Nada más lejos de la realidad. La culpa es una experiencia misteriosa de la que ninguna persona sana se ve libre. Todos hacemos en un momento u otro lo que no deberíamos haber hecho. Todos sabemos que nuestras decisiones no son siempre transparentes y que actuamos más de una vez por motivos oscuros y razones inconfesadas.

Es la experiencia de toda persona: no soy lo que debía ser, no vivo a la altura de mí mismo. Sé que podría muchas veces evitar el mal; sé que puedo ser mejor, pero siento dentro de mí 'algo' que me lleva a actuar mal. Lo decía hace muchos años Pablo de Tarso: «No hago el bien que quiero, sino que obro el mal que no quiero» (Rm. 7,19). ¿Qué podemos hacer?, ¿cómo vivir todo esto ante Dios?

El Credo nos invita a «creer en el perdón de los pecados». No es tan fácil. Afirmamos que Dios es perdón insondable, pero luego proyectamos constantemente sobre él nuestros miedos, fantasmas y resentimientos oscureciendo su amor infinito y convirtiendo a Dios en un ser justiciero del que lo primero es defenderse.

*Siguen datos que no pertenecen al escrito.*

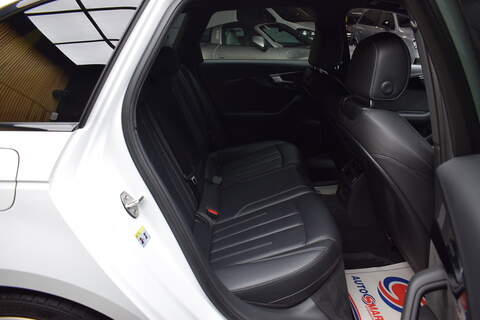 Audi A4 Avant 2.0 TDI Black Edition Estate 5dr Diesel S Tronic quattro Euro 6 (s/s) (190 ps) - U626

Hemos de liberar a Dios de los malentendidos con los que deformamos su verdadero rostro. En Dios no hay ni sombra de egoísmo, resentimiento o venganza. Dios está siempre volcado sobre nosotros apoyándonos en ese esfuerzo moral que hemos de hacer para construirnos como personas. Y ahora que hemos pecado, sigue ahí como «mano tendida» que quiere sacarnos del fracaso.

Dios sólo es perdón y apoyo aunque, bajo el peso de la culpabilidad, nosotros lo convirtamos a veces en juez condenador, más preocupado por su honor que por nuestro bien. La escena evangélica es clarificadora. Todos quieren «echar piedras» sobre la adúltera, todos menos Jesús. Todos quieren convertir a Jesús en «juez condenador», pero él, lleno de Dios, reacciona de manera sorprendente: «No te condeno. Anda y, en adelante, no peques más».